After a call between the two leaders on September 24, Netanyahu's office said the prime minister told Putin that "transferring advanced weapons systems into irresponsible hands will increase the dangers in the region.
He also said that Israel "will continue to defend its security and its interests" by staging bombing raids on Iranian military targets in Syria."
Israel's statement came on the same day that U.S. national security adviser John Bolton warned that Russia’s decision to supply Syria with an S-300 surface-to-air missile system was a “major mistake” and a “significant escalation” in Syria’s seven-year civil war.

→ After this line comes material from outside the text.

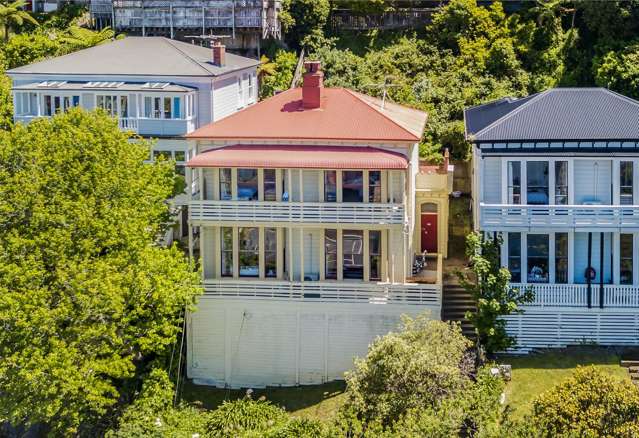 2 investment flats or convert to a family home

Israeli planes have carried out a number of deadly air strikes on Iranian military targets in Syria this year, largely undeterred by the Russian military presence there, apparently owing to close consultations between the Israeli and Russian militaries that Netanyahu's office said were reaffirmed during the phone call.
But last week, Russia for the first time challenged an Israeli incursion into Syria, blaming it in part for the downing of a Russian military plane that killed all 15 people on board.
Syrian air defenses mistakenly shot down the Russian Il-20 surveillance plane on September 17 following an Israeli bombing raid. Moscow claims the Russian plane was hit because Israeli pilots were using it as "cover."
Putin has described the incident as a "chain of tragic accidental circumstances."
The incident led Russia this week to announce new security measures to protect its military in Syria, including supplying the Syrian Army with an S-300 system and jamming radars of nearby warplanes.
Russia at an earlier stage in the war had suspended sending an S-300 system to Syria amid Israeli concerns that the missiles could be used against it.
But Russian Defense Minister Sergei Shoigu said that "the situation has changed, and it's not our fault."
Netanyahu in the phone call with Putin continued to blame what his office called the "unfortunate incident" on "the Syrian military, which brought down the plane, and Iran, whose aggression is undermining stability."
Despite differing views of what happened, Netanyahu's office said the Russian and Israeli leaders "agreed to continue dialogue between professional teams and intermilitary coordination via military channels."